En choisissant de ne parler que de Genève ou presque, Kevin Eyer a pris un certain risque. Alors, pour se mettre immédiatement le public dans la poche, il interagit avec celui-ci, cherchant à savoir d’où viennent les spectateur·trice·s, pour se moquer gentiment des quartiers genevois : de la « guerre » entre les Avanchets et le Lignon, en passant par la totale opposition entre rive gauche et rive droite, ou encore l’affiliation de Thônex à la France, voire même la naissance de Carouge, véritable ancêtre des Pâquis… Il enchaîne ensuite avec quelques clichés sur la cherté de notre belle cité, le tout afin de bien se mettre en jambes en attendant la suite. On appréciera également ses allusions aux « monuments » genevois, comme le shawarma des Pâquis[1] – sur lequel il aurait, de ses propres dires, pu écrire tout un spectacle.

En se moquant – gentiment bien sûr – des clichés qui courent sur notre ville, du fait que toute la Suisse nous déteste, comme le petit frère arrivé en dernier et qui profite de tout ce qu’ont mis en place ceux qui étaient là avant lui, l’humoriste inclut rapidement tout le public dans son spectacle. On pourrait bien parler d’humour communautaire, mais c’est aussi la mixité genevoise qu’il met en avant, celle qui a fait que celle qu’on nomme la Cité de Calvin est aussi ouverte sur le monde aujourd’hui.

Des thématiques inattendues

Durant son heure de blagues, Kevin Eyer ne tombe pas dans le pathos : exit les thématiques comme les frontaliers ou les casseroles des politicien·ne·s genevois – mise à part une ou deux vannes bien senties par-ci par-là – ; il laisse cet humour à la Revue. Ce qui l’intéresse, lui, c’est plutôt l’histoire, les monuments, l’évolution des quartiers… Pour ce faire, il s’est renseigné et documenté durant deux mois et monte un spectacle abordable, sans tomber dans la conférence historique. Car le but premier est bien de nous faire rire. Pas si simple lorsqu’on aborde des thématiques comme l’Escalade, la Réforme, le Jet d’eau ou encore les Fêtes de Genève… Et pourtant !
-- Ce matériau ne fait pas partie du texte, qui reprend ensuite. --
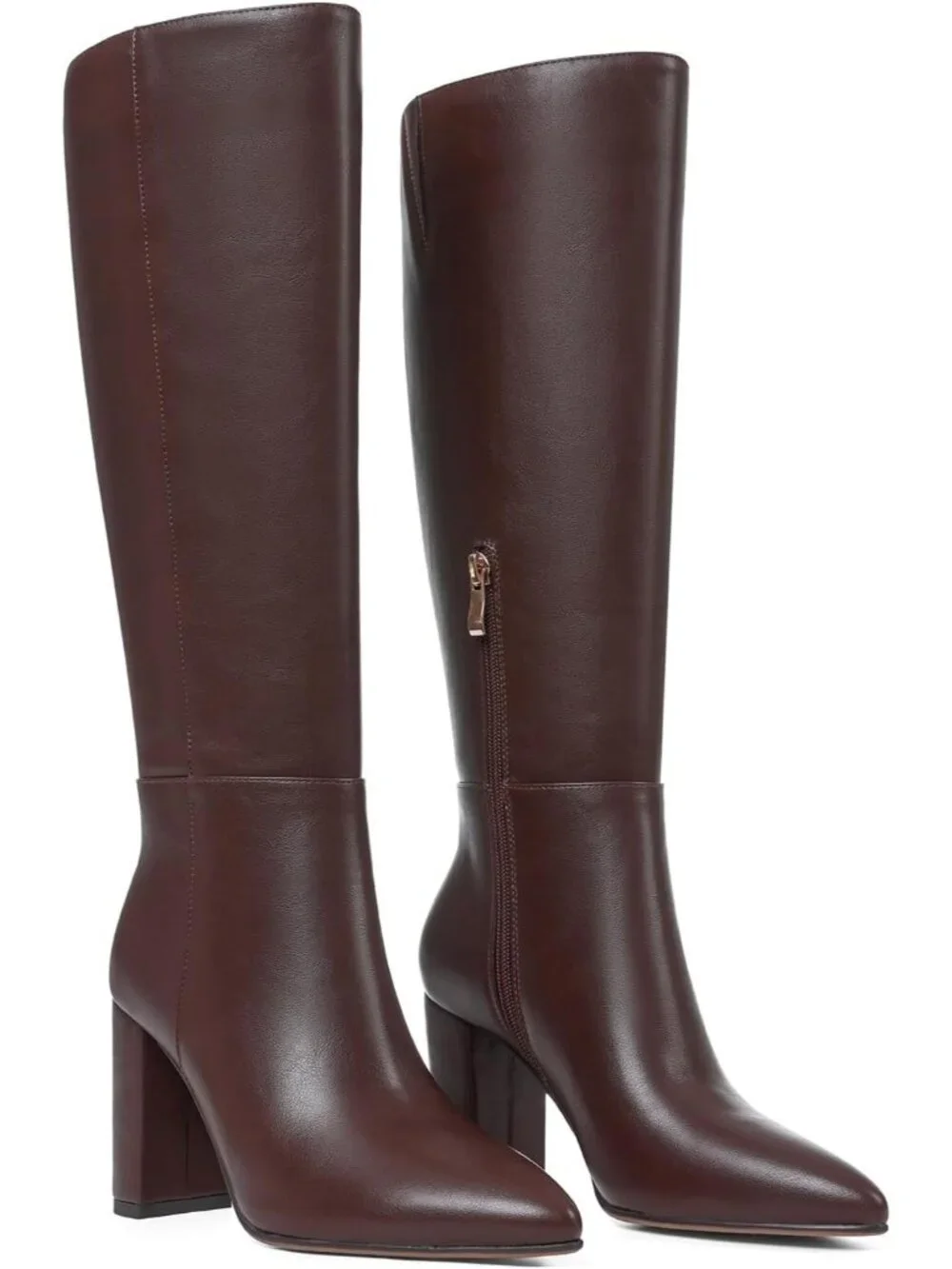 Women's Dark Brown Chunky Heel Pointed Toe Non Slip Side Zipper Knee High Boots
Sans spoiler les blagues, on évoquera le syndrome de Stockholm de la Mère Royaume, cette Lyonnaise d’origine qui maîtrise parfaitement la physique ; la fierté d’avoir hébergé ici la mort de Sissi l’Impératrice ; la différence entre le LHC – accélérateur de particules et le LHC – Lausanne Hockey Club ; la revisite de la célébrissime À la belle escalade façon invasion de Genève par Poutine, ou encore le fameux Théodore « DE BAISE »          …

Alors certes, ce n’était que la première représentation et certaines vannes tombent un peu à plat. Mais pour la plupart, elles sont réussies et tout se tient : les transitions fonctionnent, on rit énormément et Kevin Eyer parvient à transmettre son énergie et son amour pour notre ville. Car, et il faut le préciser, cette heure de blagues est avant tout un spectacle sur la transmission : lui qui est jeune papa le fait aussi pour son fils, pour que ce dernier sache d’où il vient : la base pour savoir où l’on va.

Avant de nous laisser sur les paroles de Genève de Marekage Streetz, reprises à sa sauce par Kenzy dans son titre éponyme, histoire de conclure la soirée en beauté et de façon locale…

Fabien Imhof

Infos pratiques :

Une heure de blagues sur Genève, de Kevin Eyer, le 3 septembre 2022 à la salle centrale de la Madeleine.

Photo : © Michel Marie

[1] Que certain·e·s désignent aussi par le terme kebab.

Fabien Imhof

Titulaire d'un master en lettres, il est l'un des co-fondateurs de La Pépinière. Responsable des partenariats avec les théâtres, il vous fera voyager à travers les pièces et mises en scène des théâtres de la région.